## TASK INSTRUCTIONS:
What you return must match the records below character for character, except that no picture appears.

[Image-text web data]
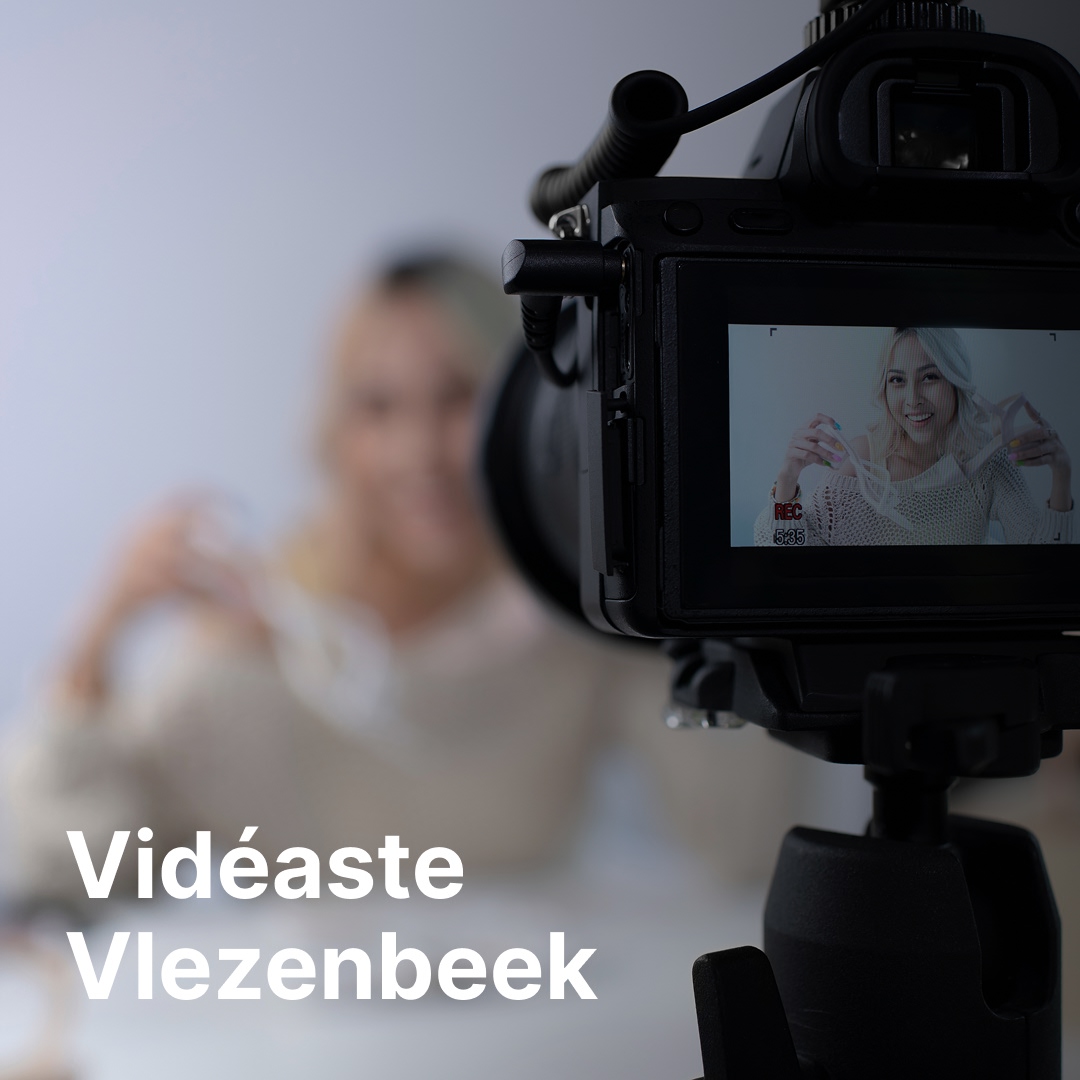 vidéaste Vlezenbeek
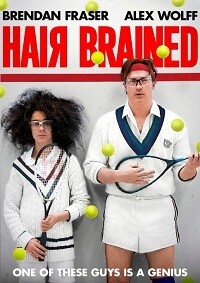 Hair Brained (DVD)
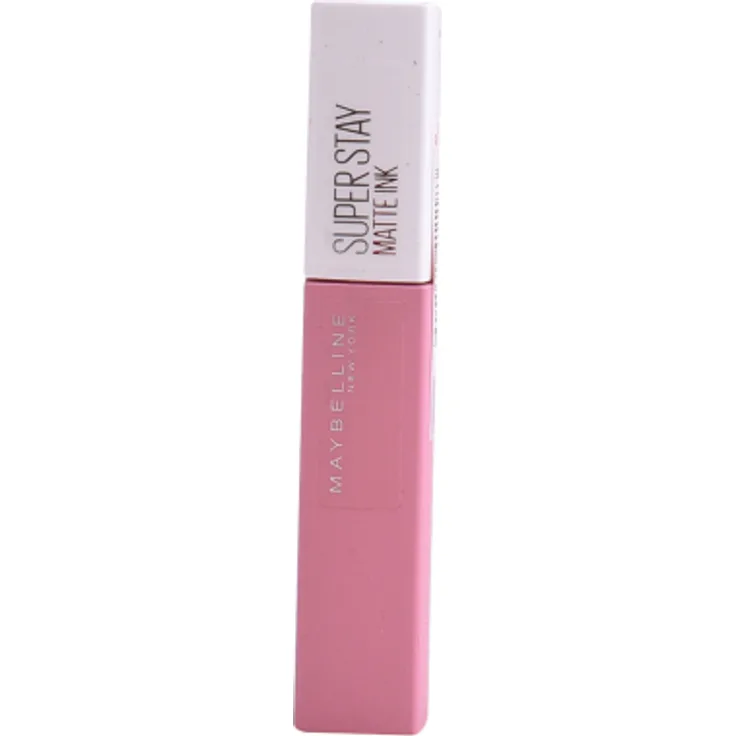 Maybelline Lippenstift Super Stay Matte Ink Lippenstift 10 Dreamer 5.0 ml
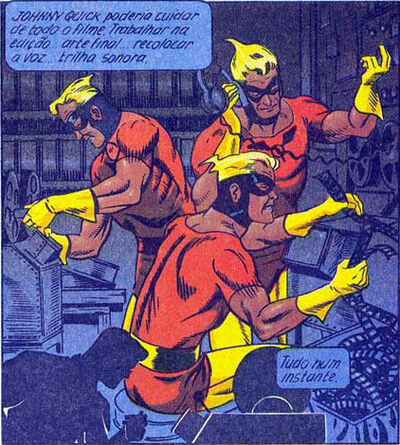 Johnnyquick copy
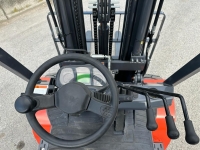 LONKİNG 3 TON DİZEL 4.5M TRİPLEX ASANSÖR EURO 5 MOTOR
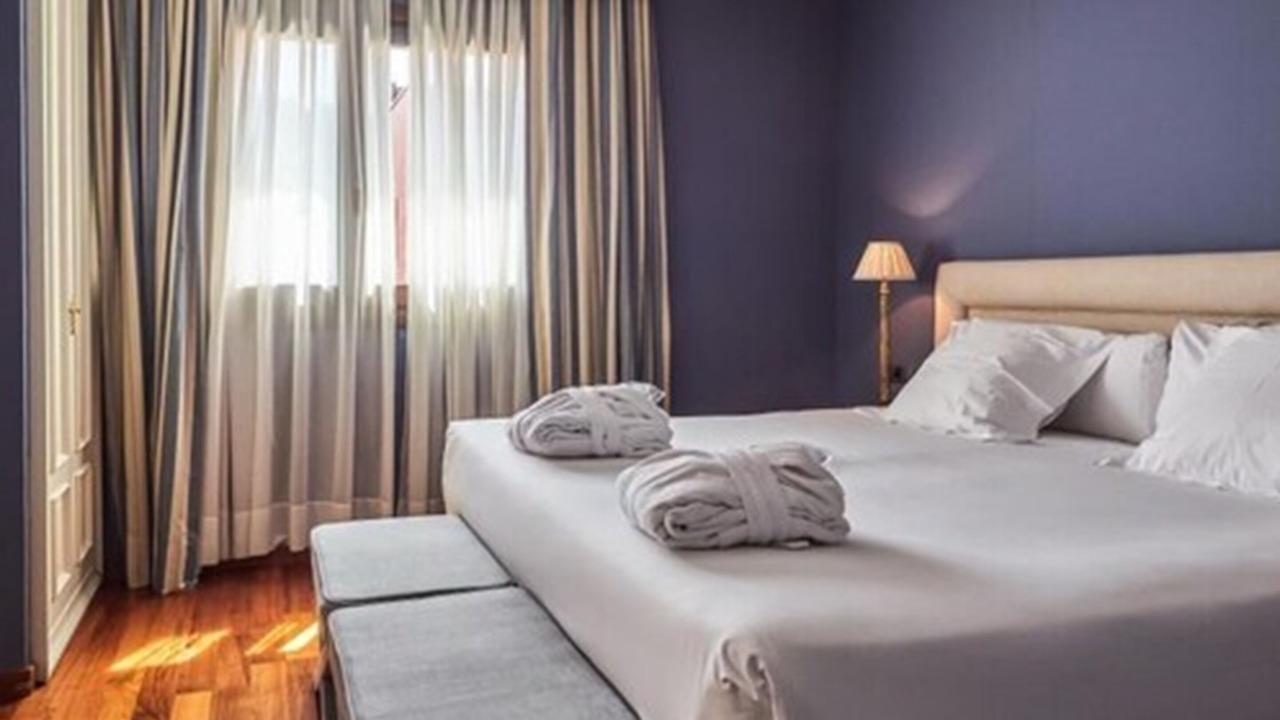 Photo of Bedroom in La Garriga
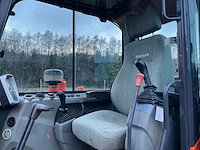 2020 doosan dx55-9c constructiekraan - afbeelding 29 van  29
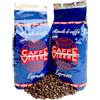VICERE' MISCELA DI CAFFE' Miscela Espresso in grani 4kg. torrefatto - Caffè Vicerè.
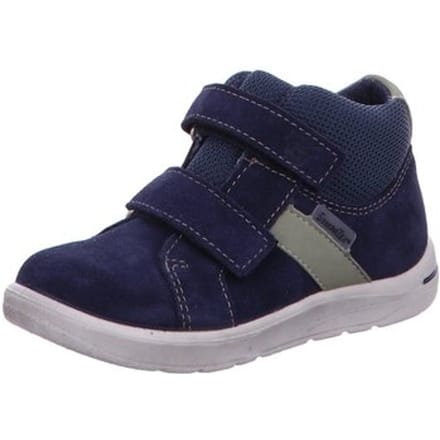 Babyslofjes Pepino By Ricosta -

## ANSWER SPACE:
 vidéaste Vlezenbeek
 Hair Brained (DVD)
 Maybelline Lippenstift Super Stay Matte Ink Lippenstift 10 Dreamer 5.0 ml
 Johnnyquick copy
 LONKİNG 3 TON DİZEL 4.5M TRİPLEX ASANSÖR EURO 5 MOTOR
 Photo of Bedroom in La Garriga
 2020 doosan dx55-9c constructiekraan - afbeelding 29 van  29
VICERE' MISCELA DI CAFFE' Miscela Espresso in grani 4kg. torrefatto - Caffè Vicerè.
 Babyslofjes Pepino By Ricosta -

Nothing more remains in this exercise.